## [Exercise instructions]
Any pictures in the records below must be left out when you repeat the lines from the line containing "佛莱契历险记 Fletch Lives (1989)" through the line containing "barbie_lis — 120" exactly.

## [Data extracts]

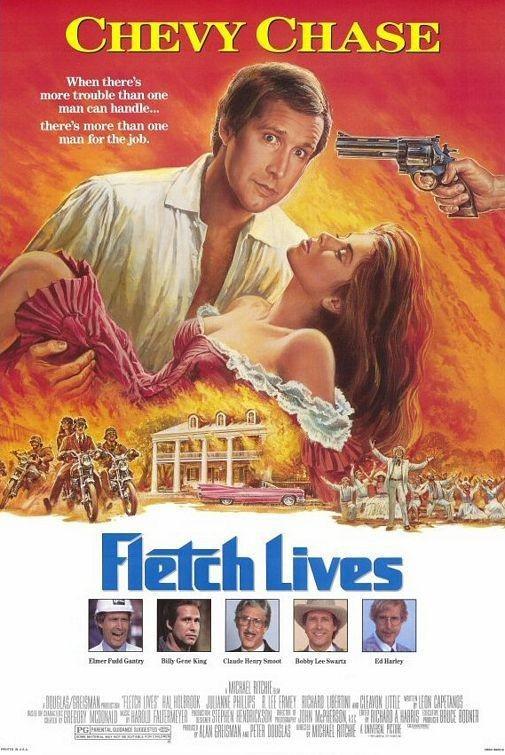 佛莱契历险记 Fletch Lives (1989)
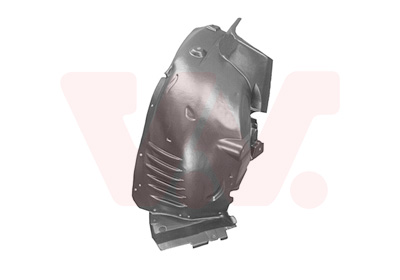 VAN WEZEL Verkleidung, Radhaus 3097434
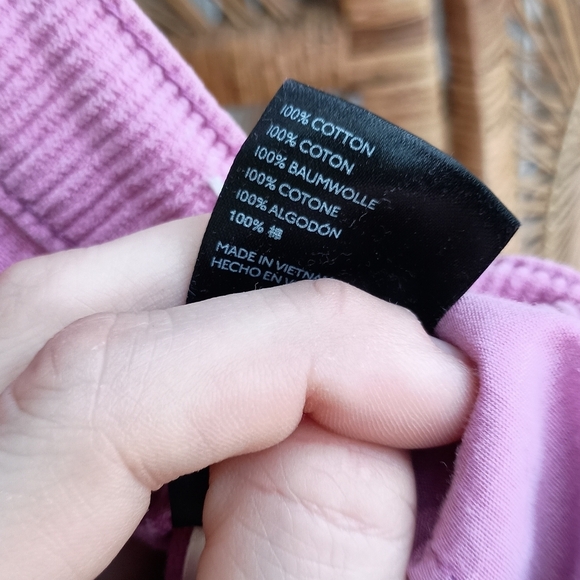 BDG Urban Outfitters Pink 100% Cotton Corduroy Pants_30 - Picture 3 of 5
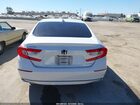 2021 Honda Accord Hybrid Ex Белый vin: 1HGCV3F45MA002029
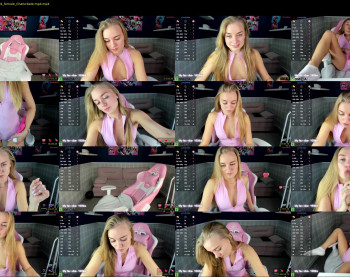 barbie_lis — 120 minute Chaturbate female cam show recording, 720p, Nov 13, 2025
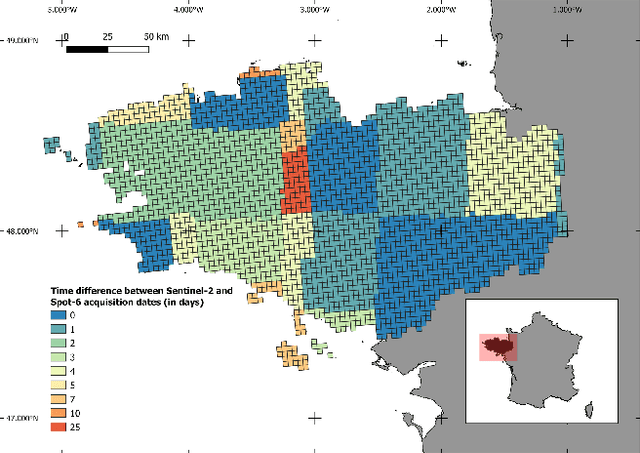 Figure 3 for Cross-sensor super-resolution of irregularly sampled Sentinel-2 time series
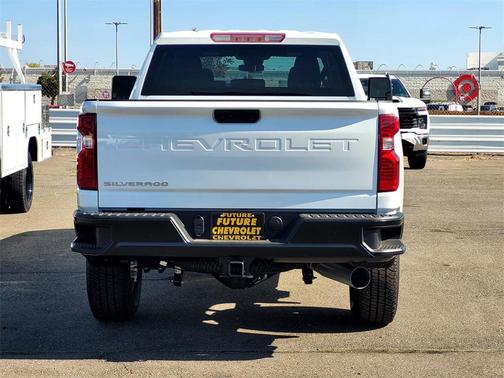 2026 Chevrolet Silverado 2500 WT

---

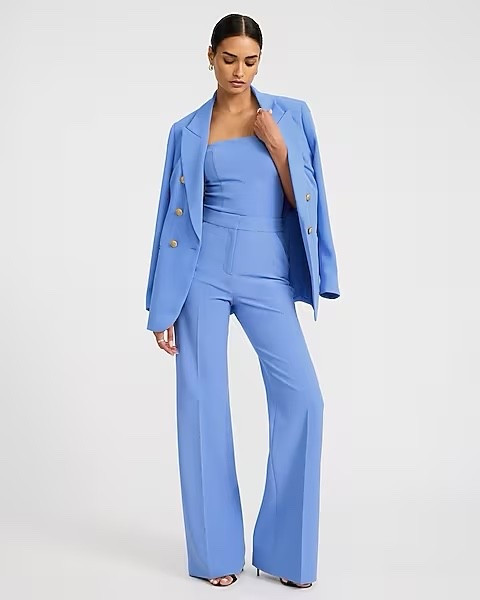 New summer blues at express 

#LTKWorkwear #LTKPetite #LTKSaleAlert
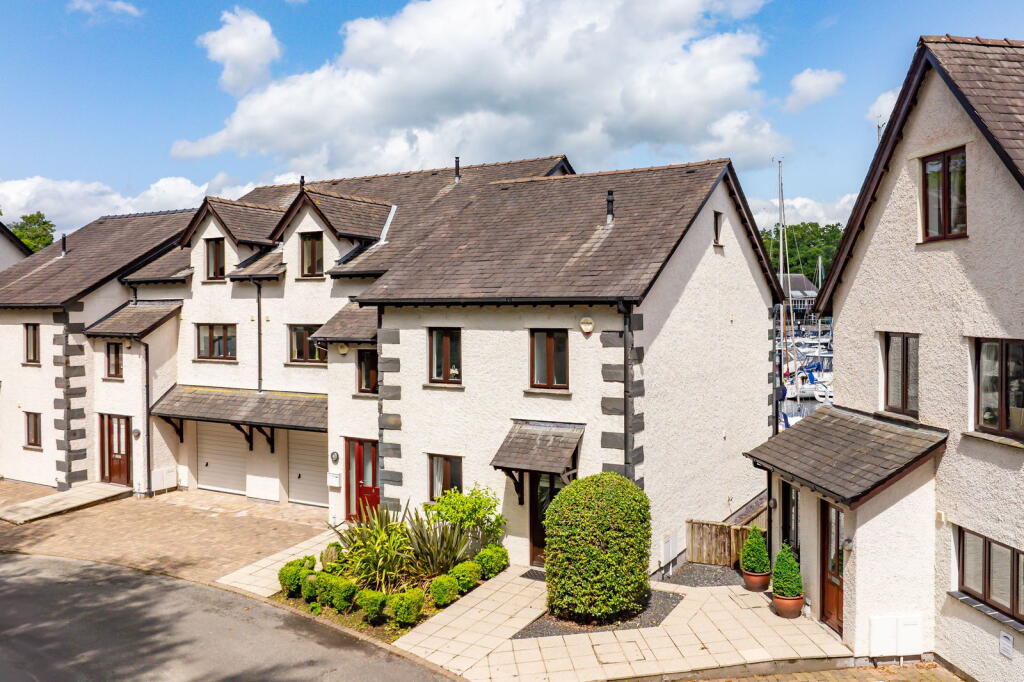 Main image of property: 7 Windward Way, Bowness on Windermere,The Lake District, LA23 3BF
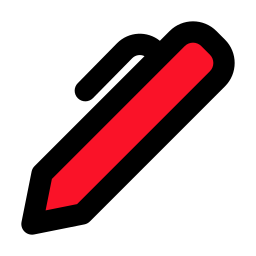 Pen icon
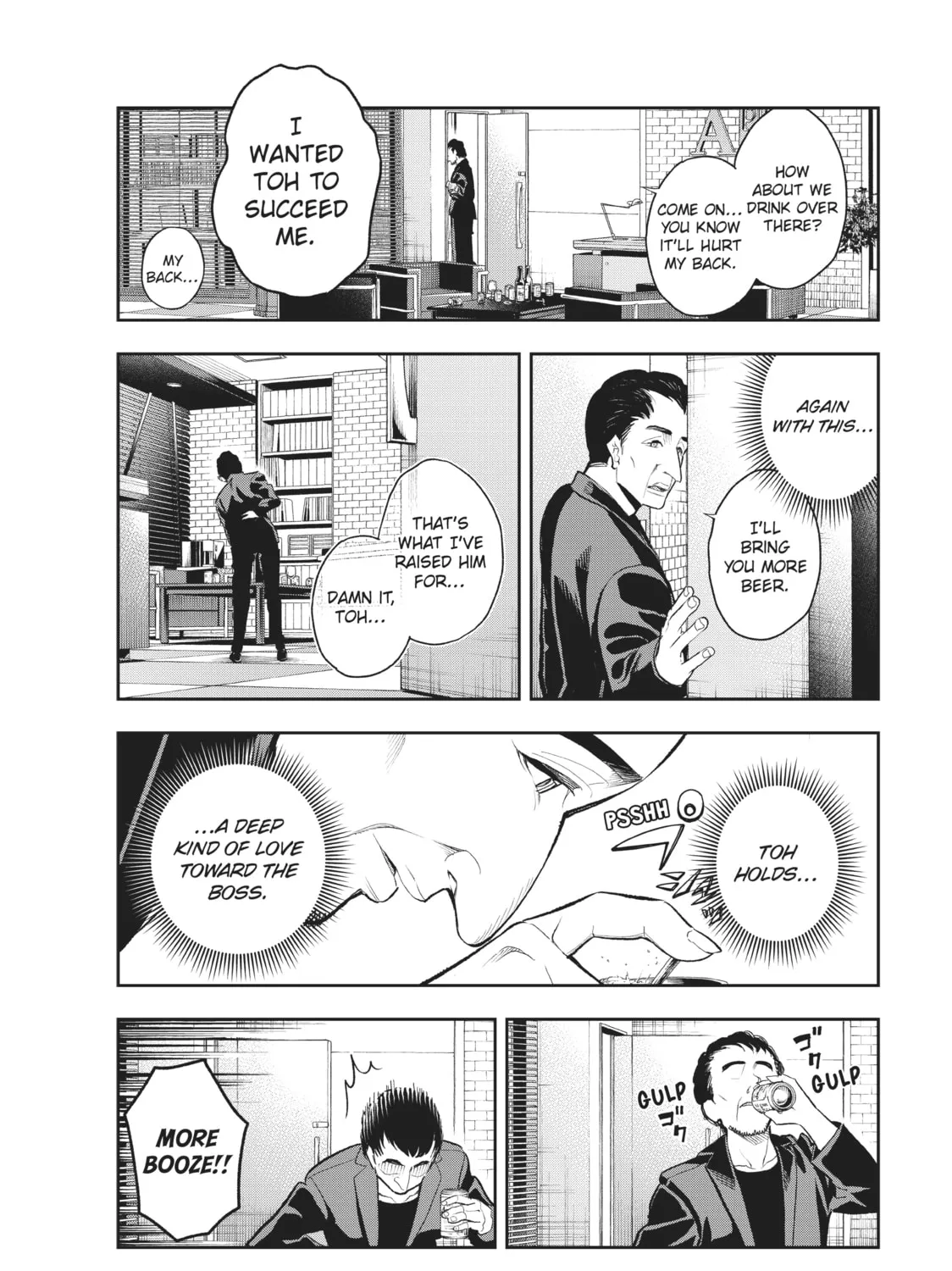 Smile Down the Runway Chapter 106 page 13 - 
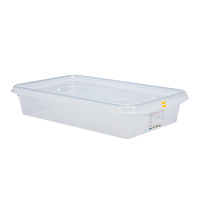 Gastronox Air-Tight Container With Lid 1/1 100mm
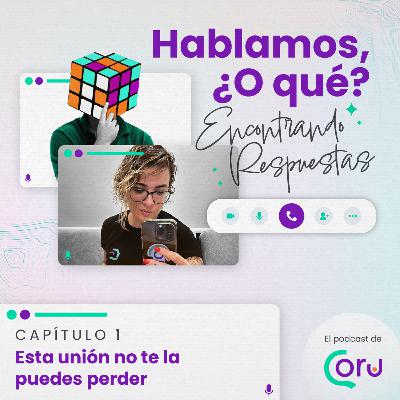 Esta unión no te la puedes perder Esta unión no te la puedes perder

==

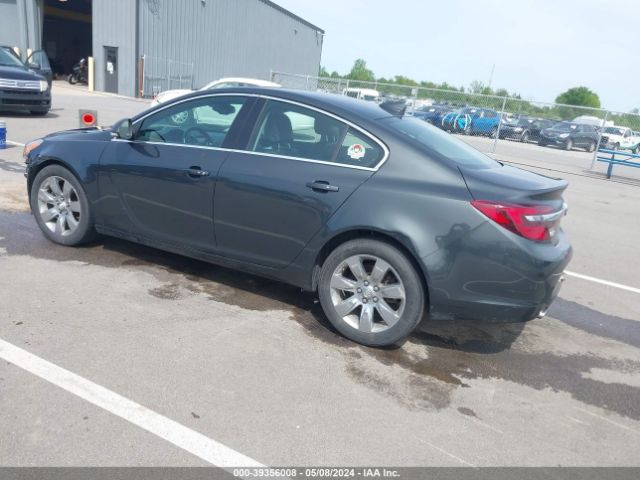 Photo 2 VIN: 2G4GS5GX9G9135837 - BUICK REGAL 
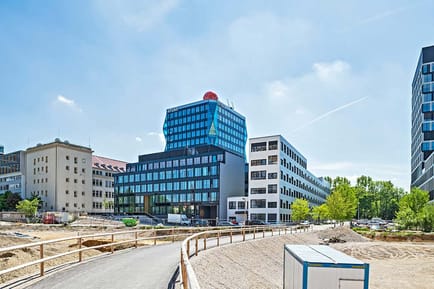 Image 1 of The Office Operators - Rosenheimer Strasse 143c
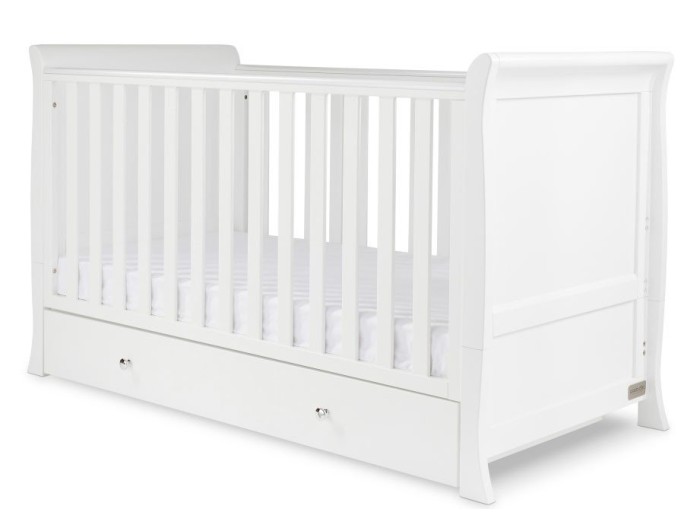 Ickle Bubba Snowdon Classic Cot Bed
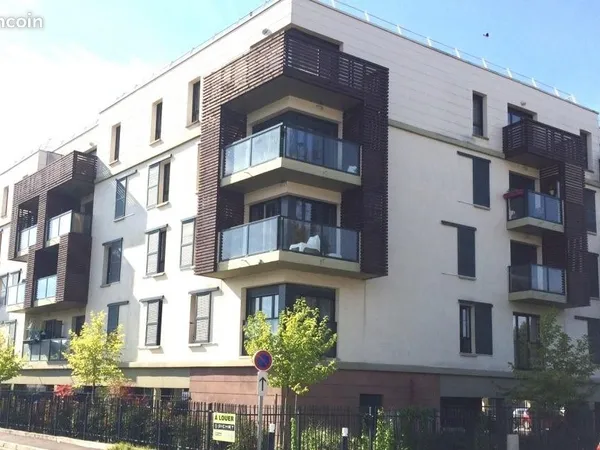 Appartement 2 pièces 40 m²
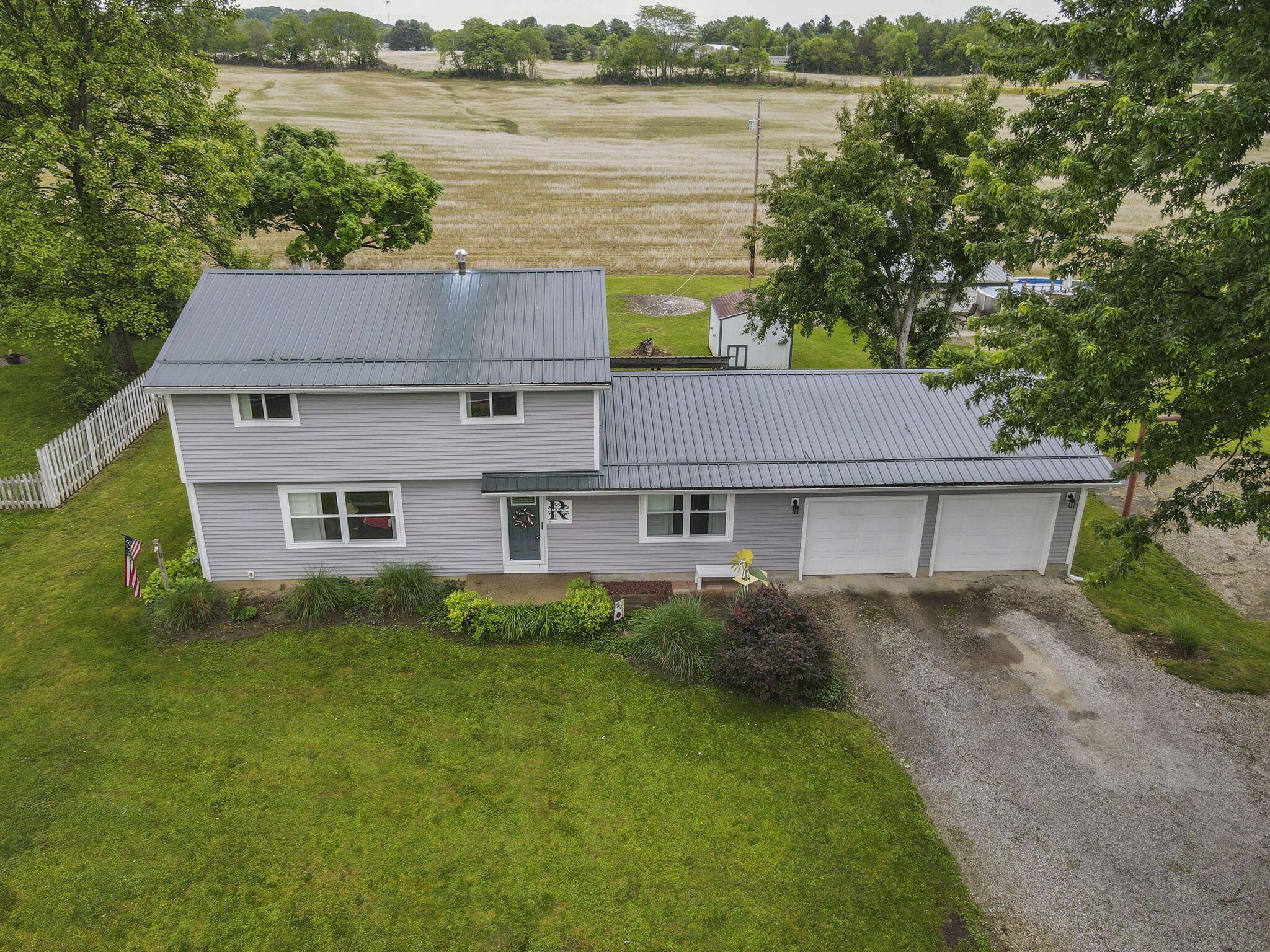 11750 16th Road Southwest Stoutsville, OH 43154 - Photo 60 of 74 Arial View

## [Finished task]
 佛莱契历险记 Fletch Lives (1989)
 VAN WEZEL Verkleidung, Radhaus 3097434
 BDG Urban Outfitters Pink 100% Cotton Corduroy Pants_30 - Picture 3 of 5
 2021 Honda Accord Hybrid Ex Белый vin: 1HGCV3F45MA002029
 barbie_lis — 120 minute Chaturbate female cam show recording, 720p, Nov 13, 2025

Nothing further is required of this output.